The Indian cotton textile industry is going through a very difficult phase despite a bumper cotton crop. Typically whenever a country has a good cotton crop, the local industry is said to be a major beneficiary due to better availability, quality and reasonable costs of raw materials. However due to some special Government policies exclusively for the cotton crop, the whole industry and the common man is losing out in a very big way.
As we all know, agricultural crops in India are largely dependent on the weather conditions, hence the quantity and quality varies from season to season leading to high volatility in prices. The Indian Government has always put the interest of the country people in the foremost and accordingly developed balanced policies.
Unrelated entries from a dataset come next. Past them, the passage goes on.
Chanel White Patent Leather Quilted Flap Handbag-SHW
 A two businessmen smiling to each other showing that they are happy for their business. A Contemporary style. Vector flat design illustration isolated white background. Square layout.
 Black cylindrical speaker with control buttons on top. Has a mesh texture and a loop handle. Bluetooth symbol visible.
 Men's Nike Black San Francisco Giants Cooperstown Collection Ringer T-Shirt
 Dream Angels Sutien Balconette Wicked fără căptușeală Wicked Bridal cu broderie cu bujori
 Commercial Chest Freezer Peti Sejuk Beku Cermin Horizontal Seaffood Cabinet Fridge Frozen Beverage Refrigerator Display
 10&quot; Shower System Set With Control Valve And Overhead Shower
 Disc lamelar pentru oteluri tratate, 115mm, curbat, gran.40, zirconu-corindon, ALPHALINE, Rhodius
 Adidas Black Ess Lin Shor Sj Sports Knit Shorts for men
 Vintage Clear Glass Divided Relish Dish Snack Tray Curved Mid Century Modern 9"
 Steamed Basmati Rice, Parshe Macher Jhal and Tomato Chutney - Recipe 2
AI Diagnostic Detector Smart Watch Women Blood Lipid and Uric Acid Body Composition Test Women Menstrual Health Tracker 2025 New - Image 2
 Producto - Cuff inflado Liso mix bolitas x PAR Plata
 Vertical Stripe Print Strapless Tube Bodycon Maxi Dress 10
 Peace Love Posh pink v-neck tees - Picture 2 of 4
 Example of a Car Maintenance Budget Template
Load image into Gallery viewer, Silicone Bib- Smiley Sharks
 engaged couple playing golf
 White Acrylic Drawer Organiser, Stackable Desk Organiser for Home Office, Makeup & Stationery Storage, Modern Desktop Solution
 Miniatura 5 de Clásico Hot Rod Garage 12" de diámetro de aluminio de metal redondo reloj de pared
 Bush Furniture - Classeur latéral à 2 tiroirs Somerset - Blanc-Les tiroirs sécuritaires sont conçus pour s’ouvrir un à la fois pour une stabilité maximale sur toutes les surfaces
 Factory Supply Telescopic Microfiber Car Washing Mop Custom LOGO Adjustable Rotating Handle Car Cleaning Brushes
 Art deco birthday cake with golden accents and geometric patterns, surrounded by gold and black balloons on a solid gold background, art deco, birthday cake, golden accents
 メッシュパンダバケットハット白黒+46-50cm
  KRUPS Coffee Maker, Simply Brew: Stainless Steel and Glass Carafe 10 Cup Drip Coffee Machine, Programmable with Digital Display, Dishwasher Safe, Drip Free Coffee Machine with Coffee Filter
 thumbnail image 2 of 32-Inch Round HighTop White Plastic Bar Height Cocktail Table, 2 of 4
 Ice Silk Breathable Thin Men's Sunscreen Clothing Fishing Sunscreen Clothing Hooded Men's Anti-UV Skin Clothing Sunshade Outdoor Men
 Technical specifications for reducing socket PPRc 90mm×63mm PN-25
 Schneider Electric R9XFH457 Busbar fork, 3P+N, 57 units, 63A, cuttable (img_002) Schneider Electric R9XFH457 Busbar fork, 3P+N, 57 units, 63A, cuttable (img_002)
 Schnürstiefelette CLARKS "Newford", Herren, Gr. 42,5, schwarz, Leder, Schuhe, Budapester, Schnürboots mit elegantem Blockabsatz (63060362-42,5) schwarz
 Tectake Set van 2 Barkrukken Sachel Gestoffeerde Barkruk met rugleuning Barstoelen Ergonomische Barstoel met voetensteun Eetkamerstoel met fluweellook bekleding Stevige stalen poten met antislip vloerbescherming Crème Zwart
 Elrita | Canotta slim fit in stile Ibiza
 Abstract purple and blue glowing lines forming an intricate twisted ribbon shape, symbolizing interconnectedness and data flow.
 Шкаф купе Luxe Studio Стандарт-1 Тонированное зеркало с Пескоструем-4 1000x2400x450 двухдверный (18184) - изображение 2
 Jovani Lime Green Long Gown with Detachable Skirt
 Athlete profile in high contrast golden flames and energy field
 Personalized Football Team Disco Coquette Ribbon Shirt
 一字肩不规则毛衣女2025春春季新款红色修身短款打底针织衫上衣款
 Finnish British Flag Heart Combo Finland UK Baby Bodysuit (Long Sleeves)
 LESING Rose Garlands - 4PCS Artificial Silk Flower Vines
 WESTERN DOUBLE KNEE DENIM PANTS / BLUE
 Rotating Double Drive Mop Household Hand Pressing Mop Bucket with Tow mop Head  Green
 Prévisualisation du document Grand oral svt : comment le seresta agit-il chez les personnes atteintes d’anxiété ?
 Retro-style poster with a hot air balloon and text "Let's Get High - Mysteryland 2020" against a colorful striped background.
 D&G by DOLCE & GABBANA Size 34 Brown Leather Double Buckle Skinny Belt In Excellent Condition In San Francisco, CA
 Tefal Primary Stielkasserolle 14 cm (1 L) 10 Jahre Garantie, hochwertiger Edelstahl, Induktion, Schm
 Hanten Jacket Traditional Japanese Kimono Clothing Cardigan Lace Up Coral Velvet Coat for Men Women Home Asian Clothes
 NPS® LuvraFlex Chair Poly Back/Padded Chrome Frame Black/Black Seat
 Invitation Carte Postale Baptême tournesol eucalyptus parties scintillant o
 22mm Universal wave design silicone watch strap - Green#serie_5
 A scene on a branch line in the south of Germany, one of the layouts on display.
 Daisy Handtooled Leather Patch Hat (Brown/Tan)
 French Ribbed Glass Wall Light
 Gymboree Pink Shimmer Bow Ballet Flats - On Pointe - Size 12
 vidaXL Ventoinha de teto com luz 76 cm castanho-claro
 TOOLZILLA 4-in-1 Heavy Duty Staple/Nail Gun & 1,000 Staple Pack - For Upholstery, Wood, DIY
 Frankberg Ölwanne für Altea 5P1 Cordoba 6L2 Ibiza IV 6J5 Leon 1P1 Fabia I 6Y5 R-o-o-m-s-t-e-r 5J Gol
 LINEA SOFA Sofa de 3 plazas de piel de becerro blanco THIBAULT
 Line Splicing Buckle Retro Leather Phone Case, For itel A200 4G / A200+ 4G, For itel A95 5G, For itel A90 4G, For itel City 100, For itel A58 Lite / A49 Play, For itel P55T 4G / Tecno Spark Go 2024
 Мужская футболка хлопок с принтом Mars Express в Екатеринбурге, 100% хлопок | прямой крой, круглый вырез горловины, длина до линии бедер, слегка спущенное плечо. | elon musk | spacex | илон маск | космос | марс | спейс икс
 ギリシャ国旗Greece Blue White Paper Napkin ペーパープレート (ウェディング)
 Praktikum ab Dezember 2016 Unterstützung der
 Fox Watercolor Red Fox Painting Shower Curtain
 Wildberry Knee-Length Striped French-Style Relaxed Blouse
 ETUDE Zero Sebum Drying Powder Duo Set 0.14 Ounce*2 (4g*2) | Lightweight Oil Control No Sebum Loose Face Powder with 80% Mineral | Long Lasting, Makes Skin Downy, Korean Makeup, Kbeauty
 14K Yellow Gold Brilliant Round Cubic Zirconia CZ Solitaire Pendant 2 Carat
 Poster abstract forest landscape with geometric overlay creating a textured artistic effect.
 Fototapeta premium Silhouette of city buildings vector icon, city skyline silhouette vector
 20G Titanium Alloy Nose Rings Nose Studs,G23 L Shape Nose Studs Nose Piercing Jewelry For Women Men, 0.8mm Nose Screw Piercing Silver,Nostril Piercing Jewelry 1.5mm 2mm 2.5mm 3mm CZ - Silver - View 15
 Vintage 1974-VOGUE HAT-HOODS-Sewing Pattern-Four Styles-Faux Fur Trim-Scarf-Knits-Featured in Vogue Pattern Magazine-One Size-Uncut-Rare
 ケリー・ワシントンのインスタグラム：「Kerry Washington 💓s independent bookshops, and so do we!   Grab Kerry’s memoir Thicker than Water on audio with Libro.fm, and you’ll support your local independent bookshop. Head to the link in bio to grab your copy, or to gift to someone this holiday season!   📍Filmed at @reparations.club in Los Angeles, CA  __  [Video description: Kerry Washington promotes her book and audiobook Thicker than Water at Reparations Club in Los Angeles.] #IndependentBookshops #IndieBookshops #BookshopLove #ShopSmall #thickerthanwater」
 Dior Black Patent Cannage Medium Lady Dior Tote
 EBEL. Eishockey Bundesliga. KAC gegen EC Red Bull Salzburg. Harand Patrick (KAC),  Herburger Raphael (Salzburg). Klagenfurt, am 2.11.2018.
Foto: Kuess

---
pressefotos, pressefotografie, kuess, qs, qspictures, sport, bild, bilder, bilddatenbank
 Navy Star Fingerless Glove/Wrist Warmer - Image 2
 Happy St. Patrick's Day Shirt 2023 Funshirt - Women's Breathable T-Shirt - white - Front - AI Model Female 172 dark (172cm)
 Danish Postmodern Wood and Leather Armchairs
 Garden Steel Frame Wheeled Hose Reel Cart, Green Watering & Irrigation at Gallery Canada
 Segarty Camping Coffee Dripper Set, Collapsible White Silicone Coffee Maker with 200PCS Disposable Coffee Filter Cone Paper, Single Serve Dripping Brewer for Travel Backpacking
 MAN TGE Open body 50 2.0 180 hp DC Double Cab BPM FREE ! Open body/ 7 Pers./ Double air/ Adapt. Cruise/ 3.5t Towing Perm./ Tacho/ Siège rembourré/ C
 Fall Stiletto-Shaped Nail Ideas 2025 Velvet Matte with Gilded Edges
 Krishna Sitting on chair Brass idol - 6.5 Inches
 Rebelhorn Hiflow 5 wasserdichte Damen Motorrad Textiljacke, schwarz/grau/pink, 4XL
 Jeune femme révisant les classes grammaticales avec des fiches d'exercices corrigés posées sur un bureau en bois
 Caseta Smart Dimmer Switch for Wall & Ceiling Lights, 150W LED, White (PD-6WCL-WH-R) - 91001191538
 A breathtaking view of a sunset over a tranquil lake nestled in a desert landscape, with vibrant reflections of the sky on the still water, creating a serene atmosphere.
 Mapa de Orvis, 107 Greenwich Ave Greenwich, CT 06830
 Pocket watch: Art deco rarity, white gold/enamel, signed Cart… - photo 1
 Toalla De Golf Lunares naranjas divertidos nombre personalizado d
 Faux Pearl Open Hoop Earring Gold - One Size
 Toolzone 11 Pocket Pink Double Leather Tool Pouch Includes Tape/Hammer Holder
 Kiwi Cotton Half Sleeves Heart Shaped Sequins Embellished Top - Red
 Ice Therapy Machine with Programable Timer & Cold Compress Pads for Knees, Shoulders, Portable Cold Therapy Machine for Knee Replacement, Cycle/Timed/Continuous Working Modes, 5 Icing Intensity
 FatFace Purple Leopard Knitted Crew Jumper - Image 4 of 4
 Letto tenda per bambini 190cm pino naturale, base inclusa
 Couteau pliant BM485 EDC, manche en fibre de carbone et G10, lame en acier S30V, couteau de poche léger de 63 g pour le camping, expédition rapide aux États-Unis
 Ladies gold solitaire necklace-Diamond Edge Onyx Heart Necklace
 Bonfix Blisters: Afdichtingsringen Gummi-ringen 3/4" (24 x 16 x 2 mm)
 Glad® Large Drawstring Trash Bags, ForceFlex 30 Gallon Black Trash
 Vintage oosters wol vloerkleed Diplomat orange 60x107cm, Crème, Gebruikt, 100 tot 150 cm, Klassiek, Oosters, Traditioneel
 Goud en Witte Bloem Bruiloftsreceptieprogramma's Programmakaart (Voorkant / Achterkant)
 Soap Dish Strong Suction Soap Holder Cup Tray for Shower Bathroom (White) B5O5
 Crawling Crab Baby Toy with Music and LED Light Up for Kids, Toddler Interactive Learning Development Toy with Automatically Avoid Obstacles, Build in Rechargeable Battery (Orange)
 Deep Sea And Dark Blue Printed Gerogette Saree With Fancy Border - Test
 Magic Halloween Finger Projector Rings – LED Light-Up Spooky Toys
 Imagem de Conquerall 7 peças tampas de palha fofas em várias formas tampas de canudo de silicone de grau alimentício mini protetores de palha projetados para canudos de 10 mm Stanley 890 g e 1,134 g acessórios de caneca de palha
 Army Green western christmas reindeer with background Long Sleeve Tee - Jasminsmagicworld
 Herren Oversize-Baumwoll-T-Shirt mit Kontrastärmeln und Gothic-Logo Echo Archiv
The last few years are proof to the same, where the Government banned exports of rice, wheat and sugarcane to ensure that the country had sufficient buffer stock and prices were kept within check so that common man didn't suffer due to inflation. Even the Government went to the extent of allowing free imports of edible oil and sugarcane to correct anomalies and reduce the suffering of the common man. However despite such measures, inflation of food still reins above 10% - imagine what would have happened if the Government had allowed free exports!!!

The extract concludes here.